Original comment by raynebc on 23 Sep 2010 at 10:05

GoogleCodeExporter commented 8 years ago
It might be best to provide a dialog window for configuring the waveform, such 
as checkboxes for which channels are rendered, and a radio button for how they 
are rendered (selected channels rendered into height of the fretboard area or 
rendered into the height of the editor window).

I would also like to move the F5 key input detection so that it can be used 
during playback (for toggling on/off).  Creation of the waveform will only be 
allowed when the chart is paused, as it would definitely cause enough lag to 
desync the chart.

Since the waveform pointer is initialized to NULL on startup, it would probably 
be easiest to call eof_destroy_waveform() and set eof_waveform against NULL in 
eof_init_after_load().  This should ensure that the graph is destroyed when 
another chart is loaded/imported.

Original comment by raynebc on 27 Sep 2010 at 6:23

GoogleCodeExporter commented 8 years ago
Continued in r403.  Now a user interface can be designed for the user to 
specify whether to fit the graph into the fretboard or into the entire editor 
window, and which channels to render.

Original comment by raynebc on 27 Sep 2010 at 8:55

GoogleCodeExporter commented 8 years ago
r404 completes those remaining issues.  After the documentation is updated, 
this enhancement can be considered complete.

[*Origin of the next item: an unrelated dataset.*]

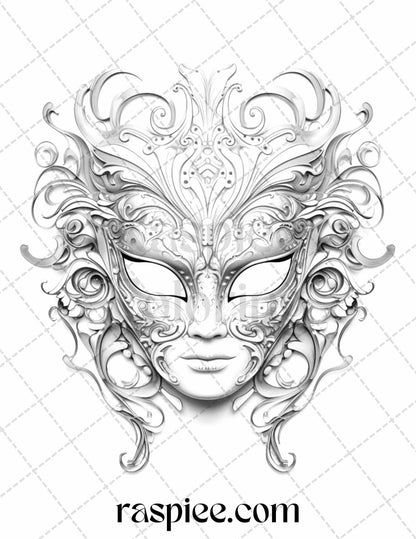 40 Masquerade Masks Grayscale Coloring Pages Printable for Adults, PDF File Instant Download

Original comment by raynebc on 28 Sep 2010 at 1:30

GoogleCodeExporter commented 8 years ago
It would be a nice addition if the waveform graph settings were maintained 
outside of the waveform structure, so that way each time the graph was created, 
the user wouldn't have to change the settings to his or her preference.  This 
can be achieved by defining a global renderlocation, renderleftchannel and 
renderrightchannel variable.  These variables can be updated by 
eof_menu_song_waveform_settings() and eof_render_waveform() will validate those 
settings and store them in the eof_waveform structure.

Original comment by raynebc on 28 Sep 2010 at 2:40

GoogleCodeExporter commented 8 years ago
Completed in r406.

Original comment by raynebc on 28 Sep 2010 at 7:18